━━ Data excerpt
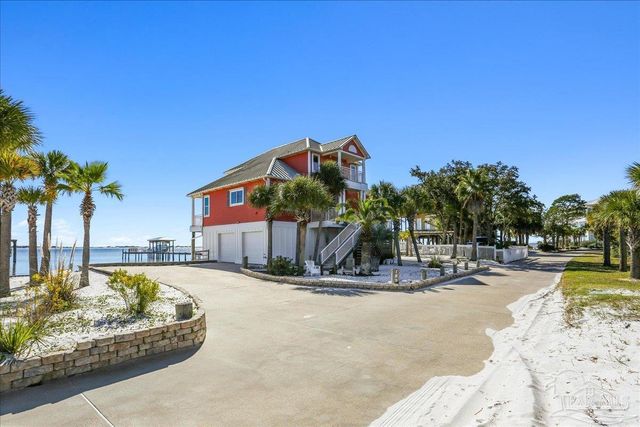 1894 Biscayne Cir Dr, Navarre, FL 32566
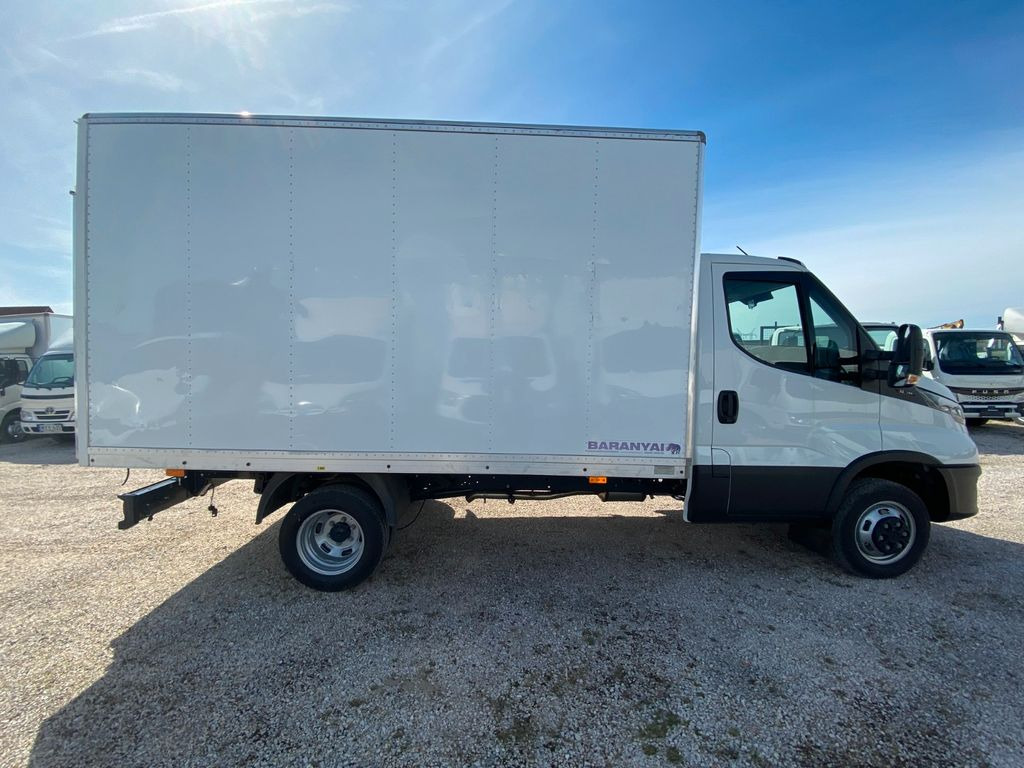 Iveco Daily Koffer mit LBW SOFORT Euro6E Iveco Daily Koffer mit LBW SOFORT Euro6E - Фургон з закритим кузовом: фото 2 Iveco Daily Koffer mit LBW SOFORT Euro6E Iveco Daily Koffer mit LBW SOFORT Euro6E - Фургон з закритим кузовом: фото 2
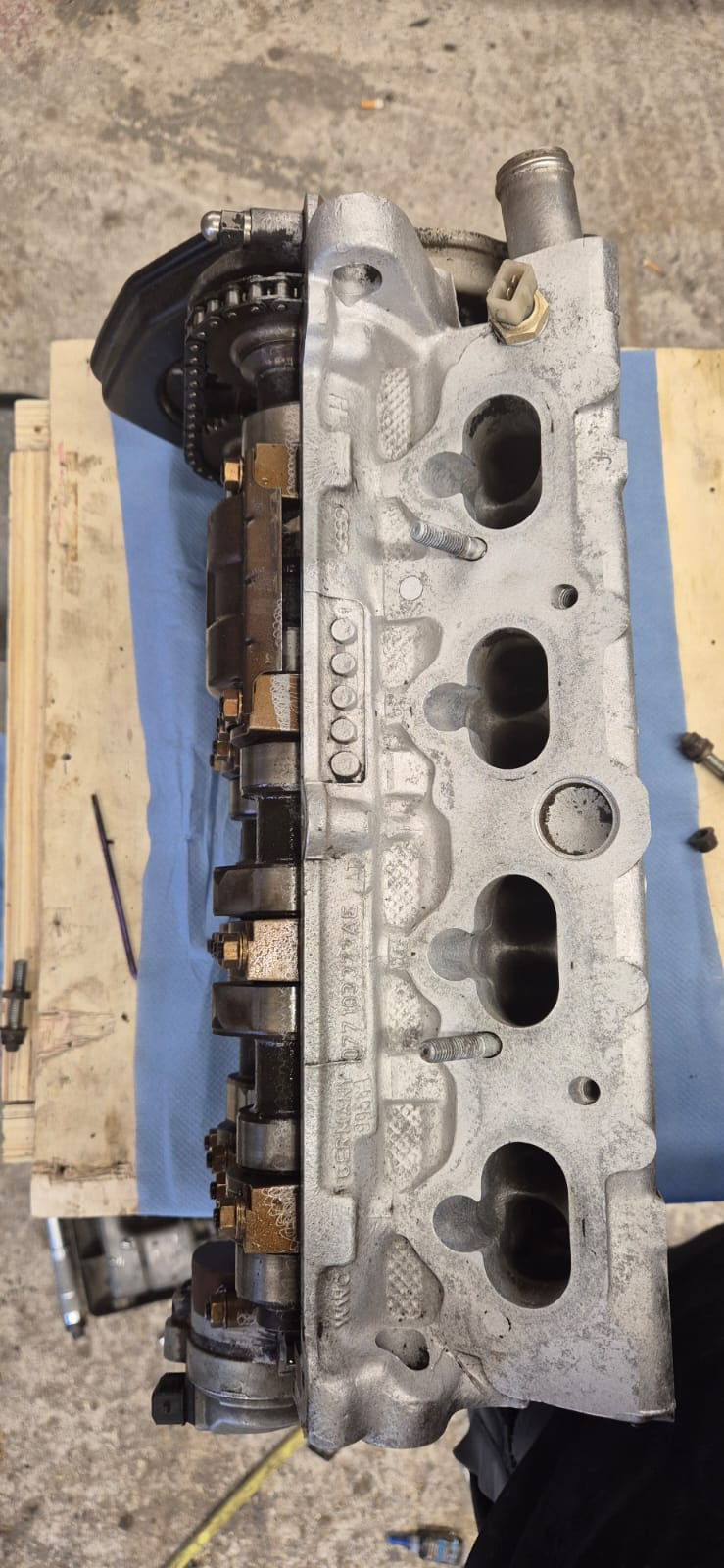Cylinder head after laser cleaning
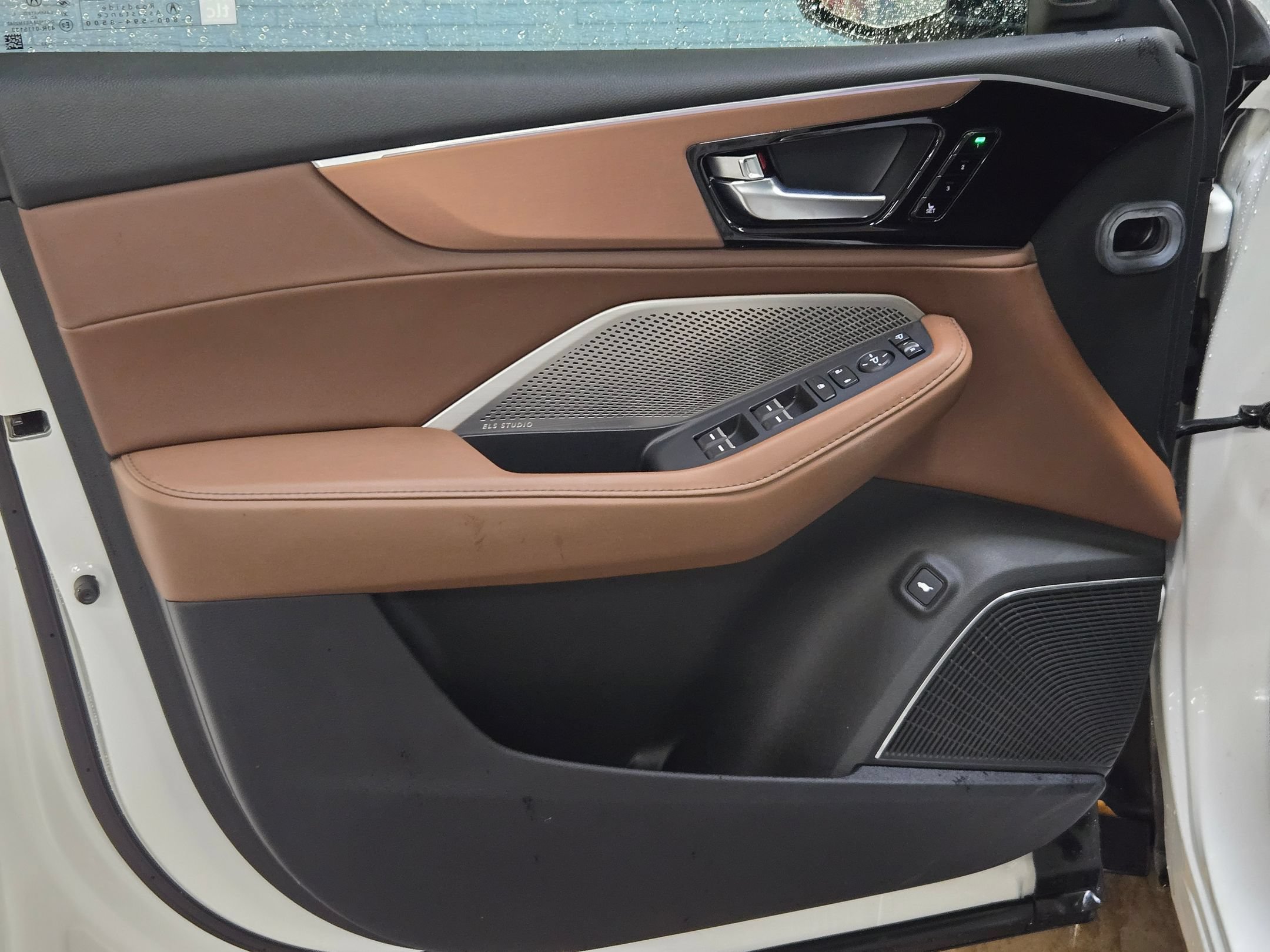 Certified 2023 Acura MDX FWD w/ Technology Package image 12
━━━━
### Activity:
Set down, word for word, the full listing above, and carry over no pictures.

### Output for this exercise:
 1894 Biscayne Cir Dr, Navarre, FL 32566
 Iveco Daily Koffer mit LBW SOFORT Euro6E Iveco Daily Koffer mit LBW SOFORT Euro6E - Фургон з закритим кузовом: фото 2 Iveco Daily Koffer mit LBW SOFORT Euro6E Iveco Daily Koffer mit LBW SOFORT Euro6E - Фургон з закритим кузовом: фото 2
Cylinder head after laser cleaning
 Certified 2023 Acura MDX FWD w/ Technology Package image 12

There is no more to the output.